Winner of the 2005 Original Sushi Competition. Recipe by Cynthia Awor-Ojera.


2 pieces

  • 1 chicken breast fillet
  • 1/4 lime
  • 1 tsp chinese five spice seasoning
  • 1 crushed garlic clove
  • 1 chilli
  • Crushed chilli crisps
  • Pinch of salt
  • 1/2 thinly chopped red & green pepper
  • Thinly chopped spring onion
  • Groundnut oil
  • Small bowl of cooked sushi rice
  • 1 tsp soy sauce
  • 1 tsp grated ginger
  • thin slices of nori, to garnish


  1. Slice chicken fillet in half, place between cling film and bat until thin.

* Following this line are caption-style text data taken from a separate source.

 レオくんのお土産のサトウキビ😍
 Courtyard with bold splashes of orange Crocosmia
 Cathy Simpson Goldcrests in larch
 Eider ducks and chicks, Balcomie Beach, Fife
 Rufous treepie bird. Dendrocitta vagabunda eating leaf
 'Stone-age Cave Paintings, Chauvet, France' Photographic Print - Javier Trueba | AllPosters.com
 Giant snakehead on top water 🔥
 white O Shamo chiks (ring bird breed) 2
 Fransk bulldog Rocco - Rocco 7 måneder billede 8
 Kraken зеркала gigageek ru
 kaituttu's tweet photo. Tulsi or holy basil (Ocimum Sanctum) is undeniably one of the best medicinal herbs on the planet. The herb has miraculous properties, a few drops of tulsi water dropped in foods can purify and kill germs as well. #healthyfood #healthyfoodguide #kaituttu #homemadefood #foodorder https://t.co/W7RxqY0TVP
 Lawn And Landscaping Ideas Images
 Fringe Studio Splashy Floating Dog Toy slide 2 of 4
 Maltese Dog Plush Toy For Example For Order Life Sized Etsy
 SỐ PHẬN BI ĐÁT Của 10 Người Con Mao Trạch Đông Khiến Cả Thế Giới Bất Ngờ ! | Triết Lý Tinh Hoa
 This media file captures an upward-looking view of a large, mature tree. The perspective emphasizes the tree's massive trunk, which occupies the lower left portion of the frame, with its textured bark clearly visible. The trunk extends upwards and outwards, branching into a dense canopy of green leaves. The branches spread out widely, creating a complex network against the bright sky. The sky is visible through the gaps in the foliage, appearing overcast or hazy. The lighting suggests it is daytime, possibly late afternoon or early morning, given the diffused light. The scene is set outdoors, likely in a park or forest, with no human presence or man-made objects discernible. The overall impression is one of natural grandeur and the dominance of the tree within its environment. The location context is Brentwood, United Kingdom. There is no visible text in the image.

Season with garlic, lime juice, five spice, salt, pepper, groundnut oil and leave to marinate.
  2. Place the cooked sushi rice into a bowl with ginger, spring onions, pepper, salt and soy sauce, mix well and leave to infuse.
  3. Place chicken on a clean surface, place rice in the middle and roll carefully and put it in a steamer for 4 mins. Once cooked, leave to cool for a few minutes.
  4. Place cling film on mat, spread sushi rice and crushed chilli crisps on top. Place steamed chicken on the corner, and roll. Thinly slice, and carefully wrap a slice of nori around each slice.